In the medium term, any increment in Gulf Coast LNG export capacity feeds directly back into domestic basis spreads and Henry Hub price support. Louisiana's move is therefore worth tracking for its downstream implications on the very export infrastructure that, when curtailed for maintenance in June 2024, contributed to the price pressure described above.

The Structural Tension

The June 2024 episode encapsulates a tension that has defined the U.S. gas market since the LNG export era began: the commodity is simultaneously a global price-taker (via LNG linkage to TTF and JKM) and a domestic surplus commodity subject to seasonal inventory cycles. When those two forces align — high global prices pulling feedgas to export terminals, drawing down domestic storage — Henry Hub rallies. When they diverge — maintenance or demand weakness offshore reducing export pull while shoulder-season injections run hot — the domestic market reverts to surplus logic.

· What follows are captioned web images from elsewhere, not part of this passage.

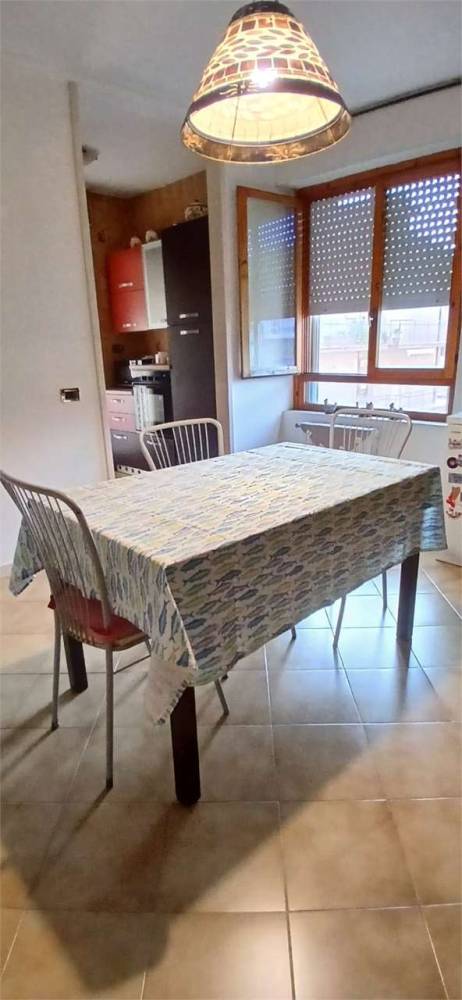 immagine annuncio 10 di 13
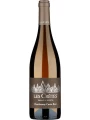 Les Cretes, Chardonnay Cuvee Bois, wooden box — фото 2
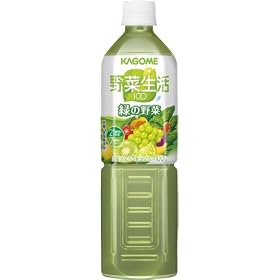 ��ؐ���100 �΂̖�� 930ml�~12�{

The $3.15/MMBtu print in June 2024 was a divergence outcome. Storage was comfortable, export throughput was temporarily reduced, and mild temperatures kept power-burn below the level that would have cleared the surplus. None of those three conditions is permanent. The LNG maintenance window closes; storage draws accelerate once cooling degree days spike; and export capacity expands with each new liquefaction train that enters service.

Traders and analysts watching the H2 2024 setup would have been focused on the pace of storage normalization, the duration and scope of Sabine Pass maintenance, and whether the 13-consecutive-month run of global heat records would eventually translate into domestic power-burn that ran ahead of models. The price signal in June was bearish. The risk skew heading into summer was not symmetrically so.